From: Costa Shulyupin
Date: Mon Dec 09 2024 - 02:11:22 EST


Hello

Simplified test:
rtla timerlat hist -c 1 -a 500 &
echo 0 > /sys/devices/system/cpu/cpu11/online

RTLA reveals blocking thread stack trace:
...
-> multi_cpu_stop
-> cpu_stopper_thread
-> smpboot_thread_fn
...

I've found that multi_cpu_stop() disables interrupts for EACH online
CPU because takedown_cpu() indirectly invokes take_cpu_down() through
stop_machine_cpuslocked(). I'm omitting the detailed description of
the call chain.

Potentially using stop_one_cpu() instead of stop_machine_cpuslocked()
could solve the problem:

@@ -1335,7 +1339,7 @@ static int takedown_cpu(unsigned int cpu)
/*
* So now all preempt/rcu users must observe !cpu_active().
*/
- err = stop_machine_cpuslocked(take_cpu_down, NULL, cpumask_of(cpu));
+ err = stop_one_cpu(cpu, take_cpu_down, NULL);

Original stop_machine code was introduced 20 years ago:
Author: rusty <rusty>
Date: Fri Mar 19 16:02:28 2004 +0000

[PATCH] Hotplug CPUs: cpu_down()

Implement cpu_down(): uses stop_machine to freeze the machine, then
uses (arch-specific) __cpu_disable() and migrate_all_tasks().

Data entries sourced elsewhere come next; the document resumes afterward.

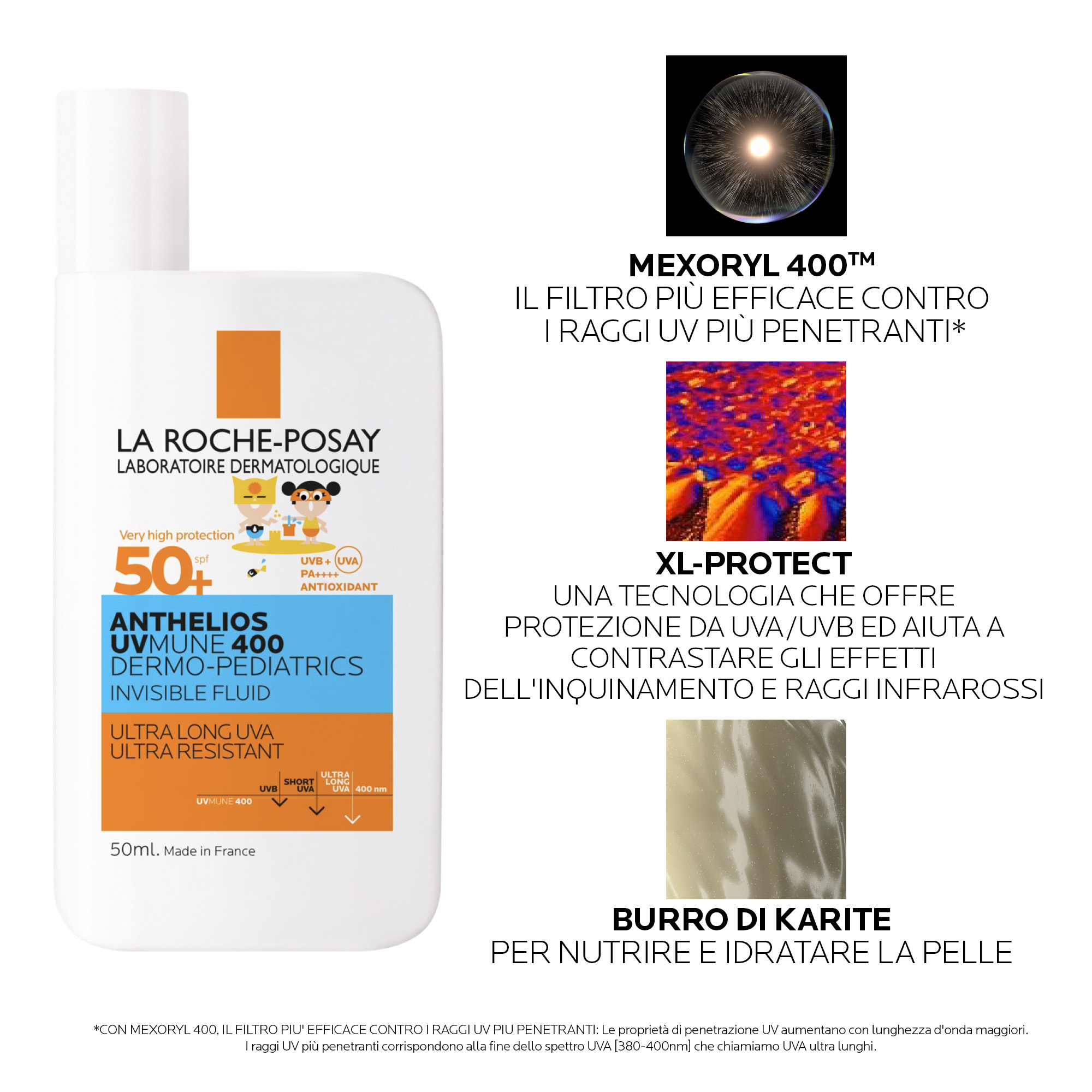 La Roche-Posay - Anthelios Uvmune 400 Dermo-Pediatrics Fluido Invisibile SPF50+ Bambini 50 ml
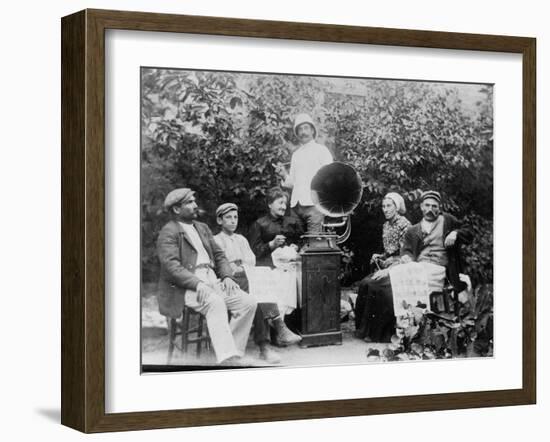 Listening to the Gramophone Near Beziers, c. 1910-French Photographer-Framed Photographic Print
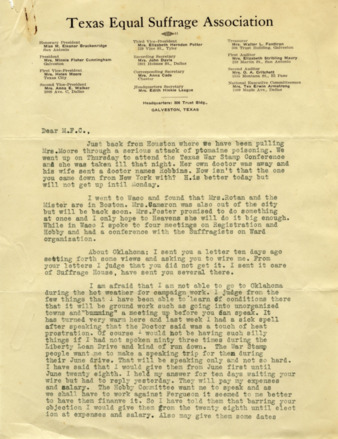 Letter from Lavinia Engle to Minnie Fisher Cunningham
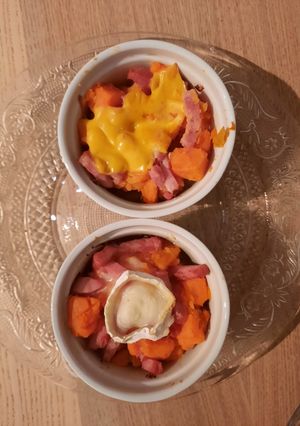 Une photo de Gratin : patate douce, lardons et chèvre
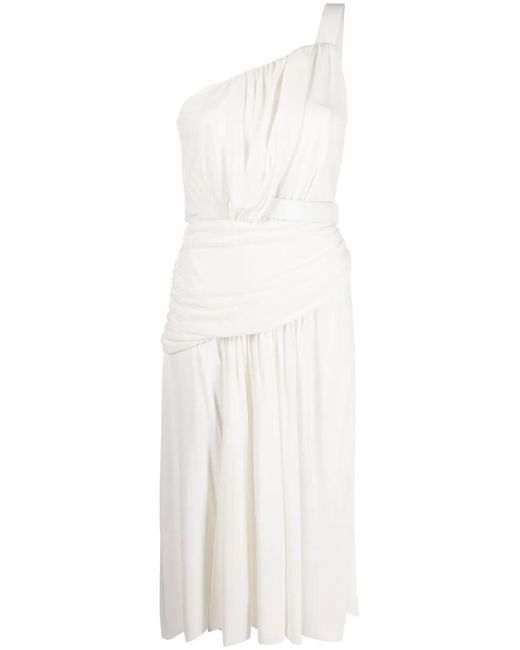 Alberta Ferretti White Flared Midi Dress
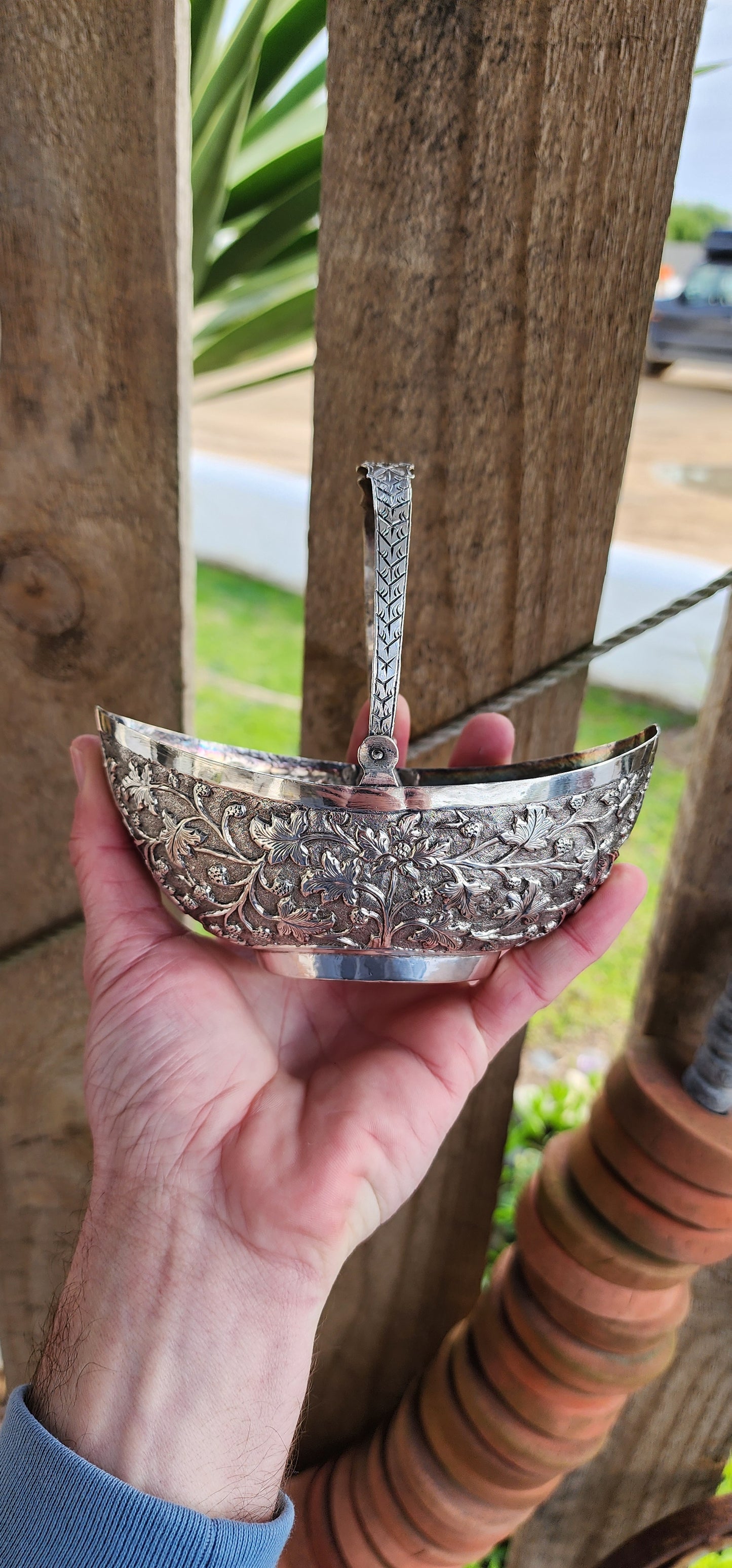 Early Victorian Sterling Silver swing handle sugar basket or Sucrier.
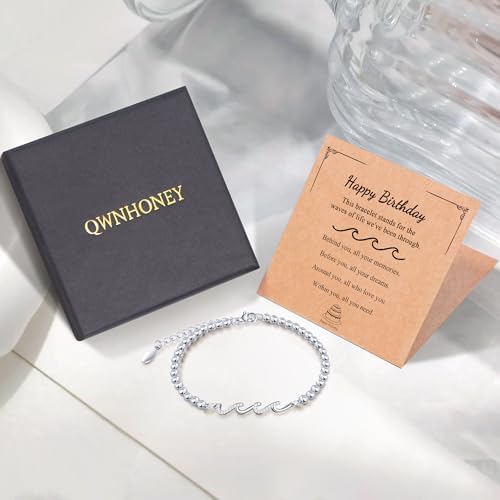 QWNHONEY Waves of Life Bracelet Inspirational Birthday Gifts for Bestie Sister 16th 18th 21st 30th 40th 50th 60th Birthday Gifts for Women - Image 7
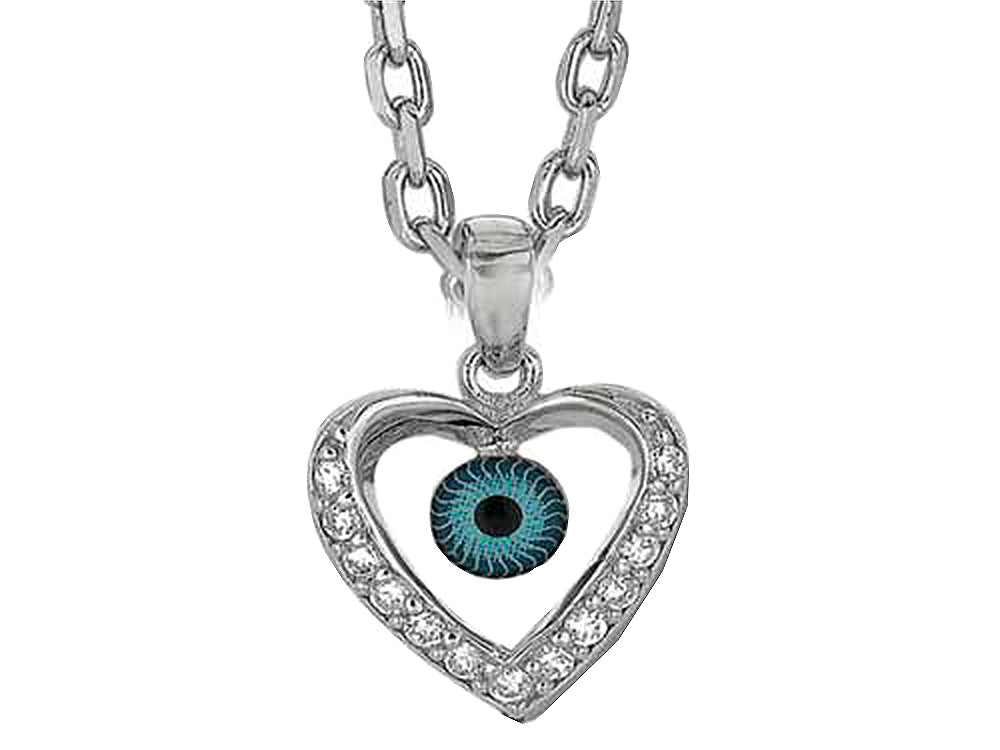 Finejewelers Sterling Silver 18 Inch Heart Evil Eye with CZ's Pendant Necklace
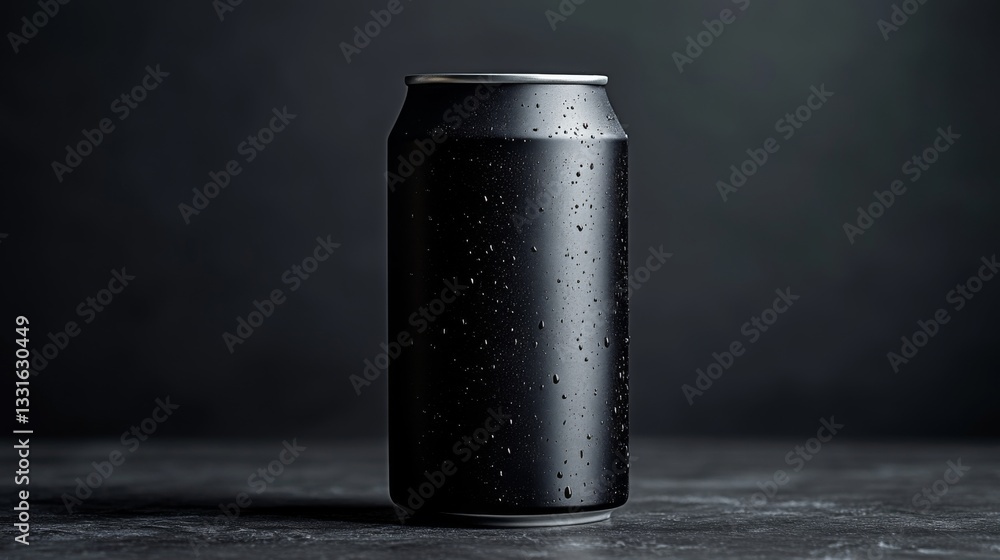 Poster a sleek black can sits alone on a dark textured surface, glistening with water droplets. the low lig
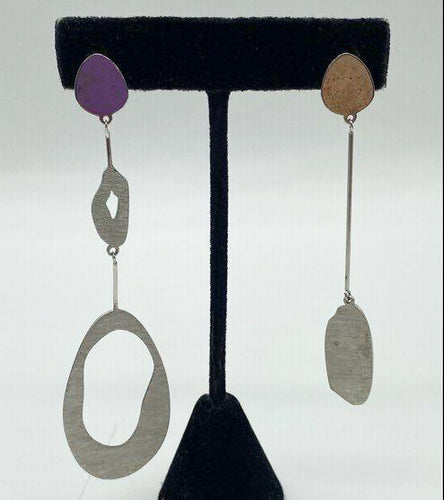 ARGENTO VIVO Silver-Tone Asymmetrical Drop Earrings
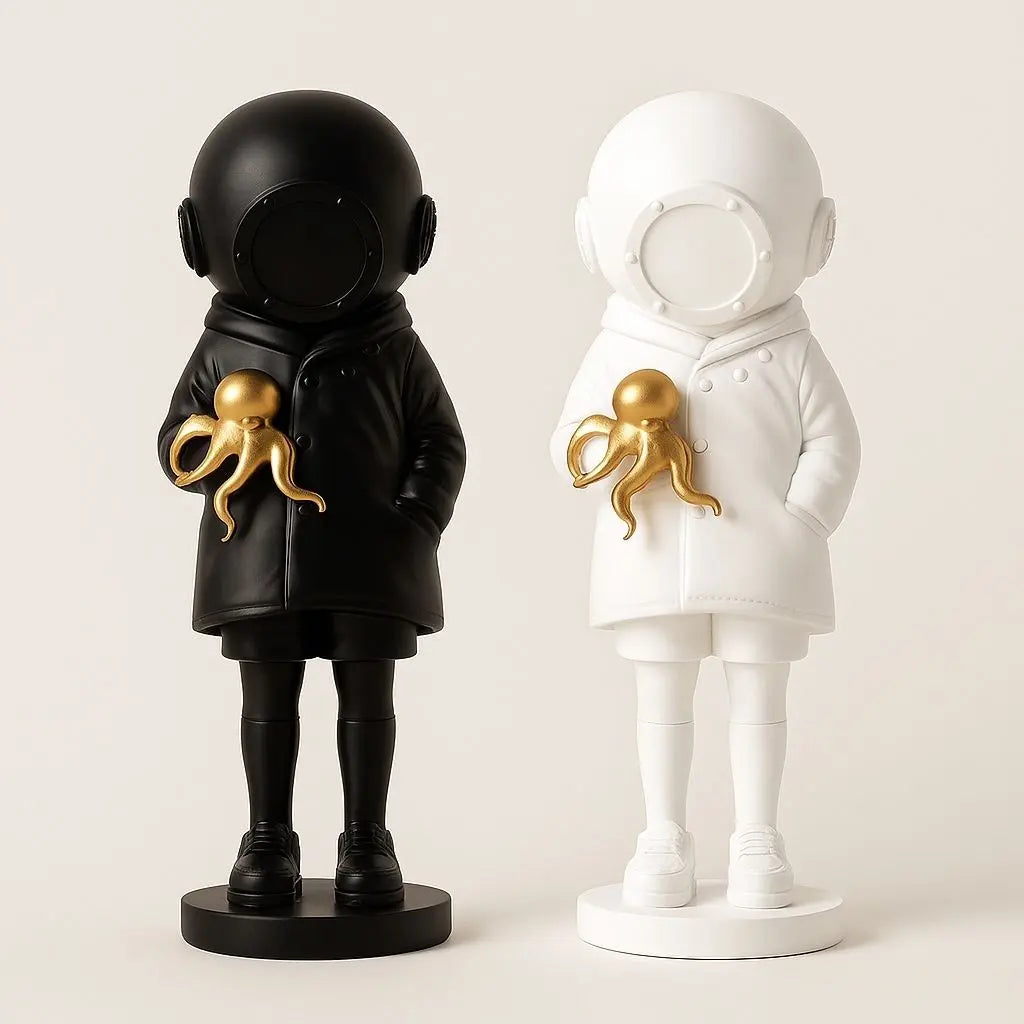 Premium resin astronaut sculpture with gold octopus modern decorative figurine for contemporary spaces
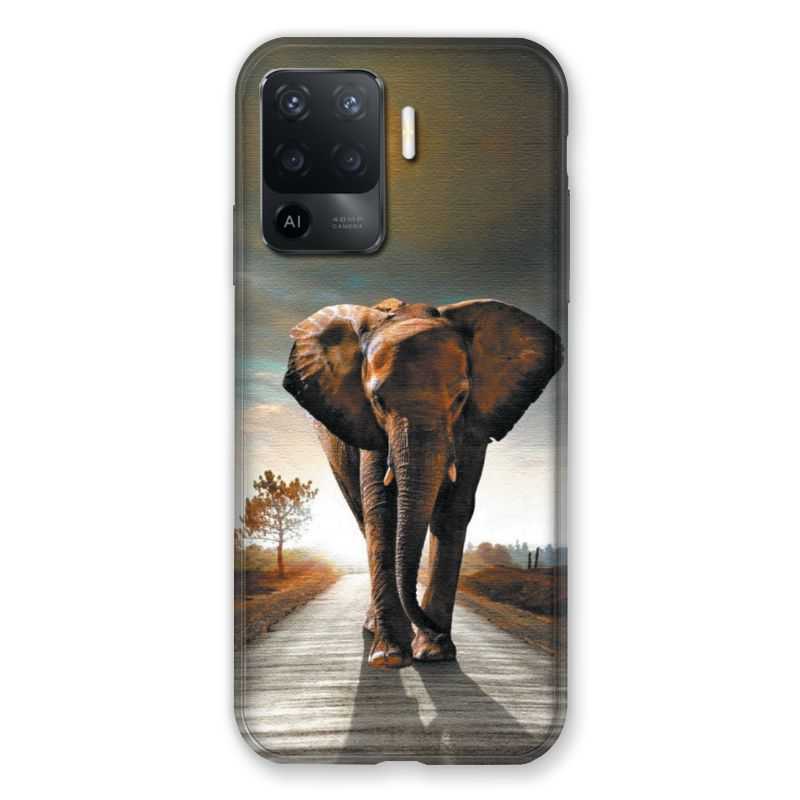Coque Pour Oppo A94 5G Savane Elephant Route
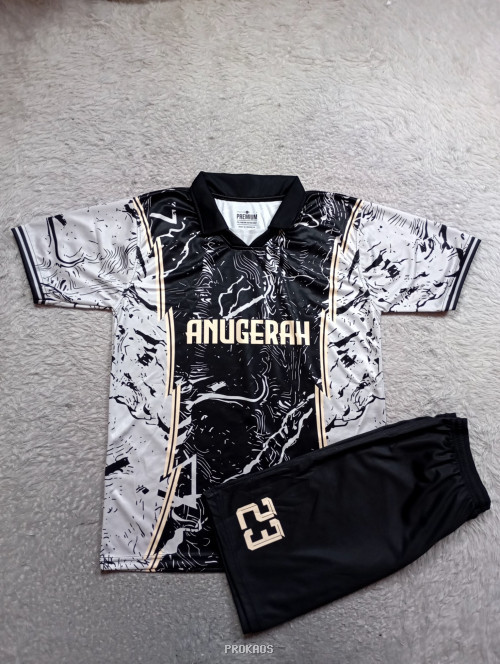 Jersey Olahraga Anugerah Hitam Putih dengan Celana Pendek - Jersey Custom PROKAOS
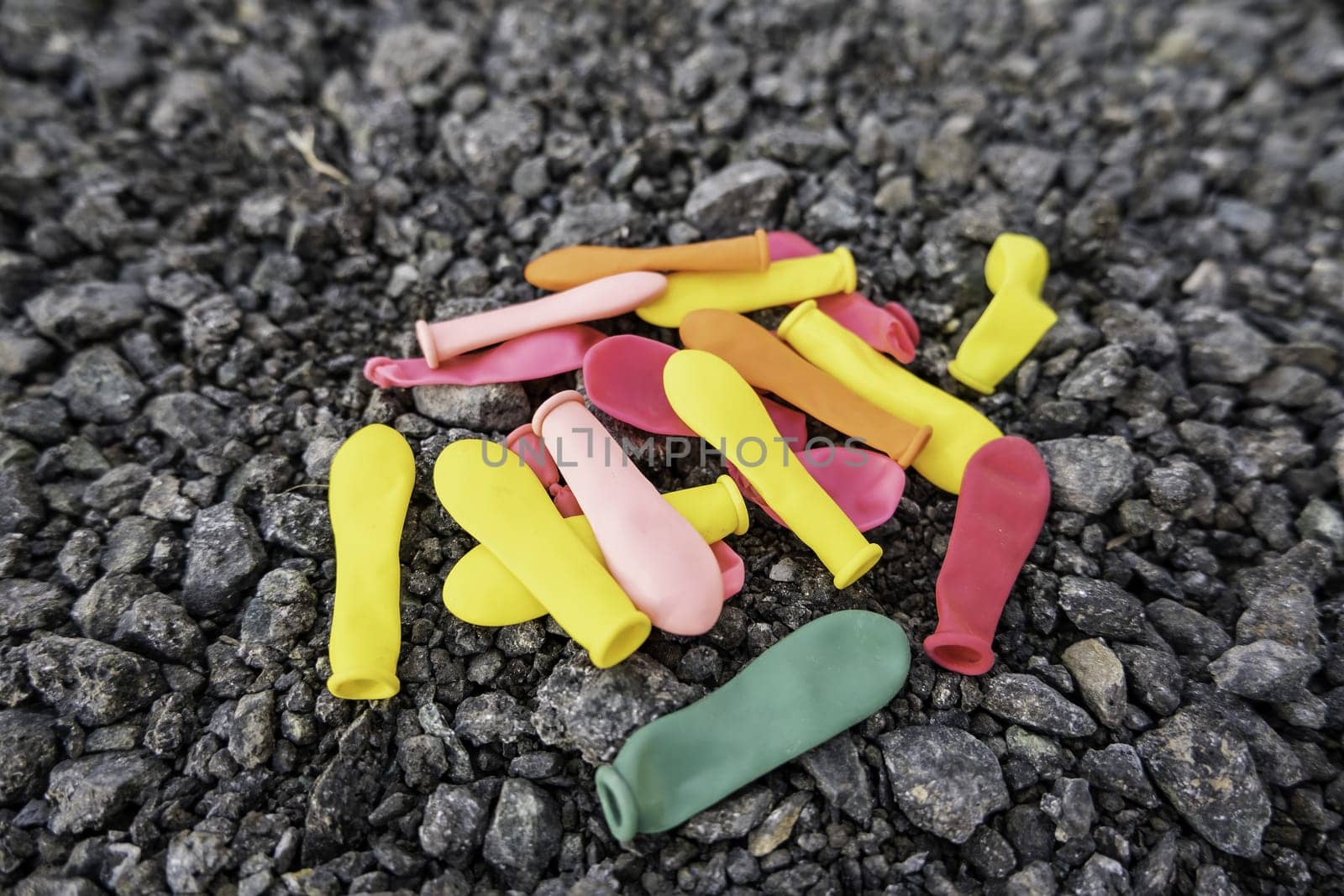 Detail of rubber balloons to fill with water, games and children's fun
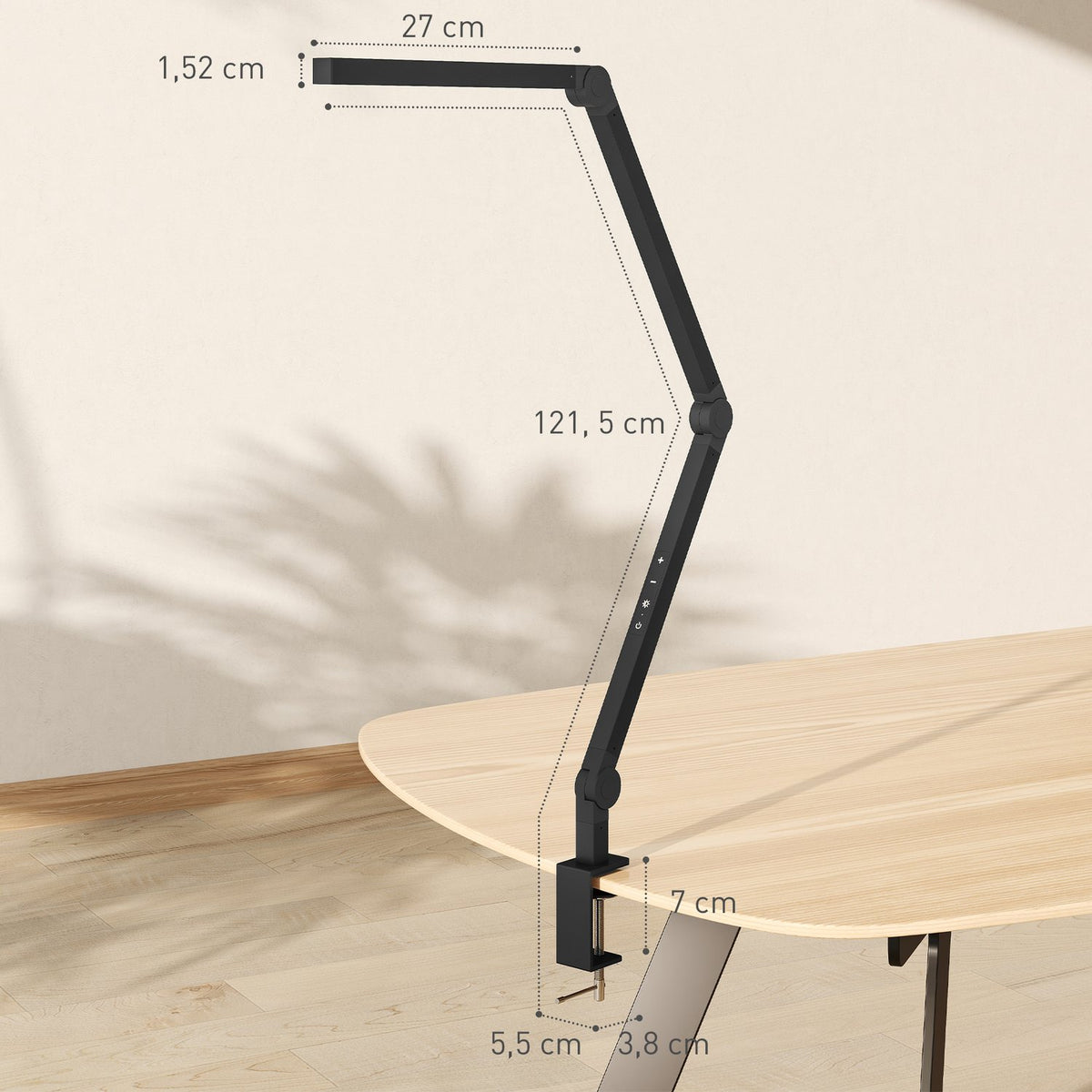 Desk Lamp, Adjustable Brightness & Color, Metal Clamp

Whole thing under CONFIG_HOTPLUG_CPU, so doesn't break archs which
don't define that.

https://github.com/jeffmahoney/linux-pre-git/commit/864a81b15223552102124656a012ac6de6947499#diff-52e4b09f63a029f319f95a60ddc0a09c31de0e172f8a2802ce39294569e60587R122

Additionally, take_cpu_down() relies on local_irq_save() and
hard_irq_disable(). However, I am omitting this patch to concentrate
solely on stop_one_cpu().

Questions:
1. Why stop_machine() is used during the CPU hotplug?
2. Is it worth testing using stop_one_cpu(), or would that be the
wrong approach?
3. Do you have any additional recommendations?

Thanks
Costa